/---

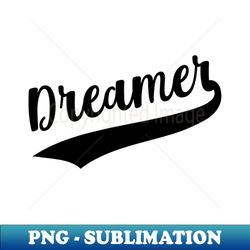 DREAMER - Special Edition Sublimation PNG File - Transform Your Sublimation Creations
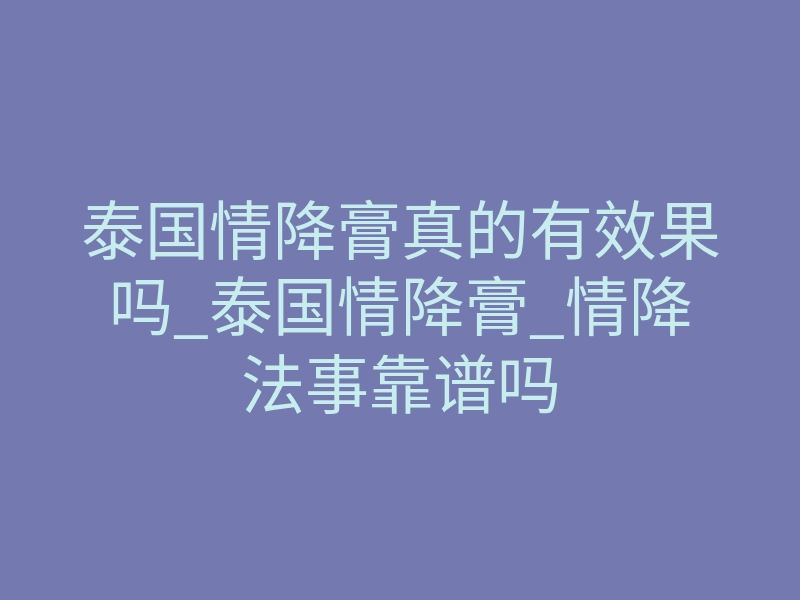 泰国情降膏真的有效果吗_泰国情降膏_情降法事靠谱吗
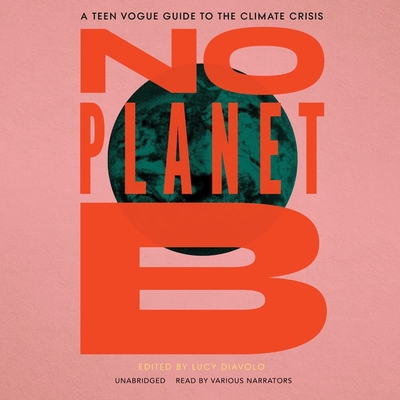 No Planet B Lib/E: A Teen Vogue Guide to Climate Justice - Diavolo, Lucy (Editor), and Gilbert, Tavia (Read by), and Taylor-Corbett, Shaun (Read by)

\---

◆ **Exercise prompt**: Write the listing out a second time exactly, dropping all images.

◆ **Task answer**:
 DREAMER - Special Edition Sublimation PNG File - Transform Your Sublimation Creations
 泰国情降膏真的有效果吗_泰国情降膏_情降法事靠谱吗
 No Planet B Lib/E: A Teen Vogue Guide to Climate Justice - Diavolo, Lucy (Editor), and Gilbert, Tavia (Read by), and Taylor-Corbett, Shaun (Read by)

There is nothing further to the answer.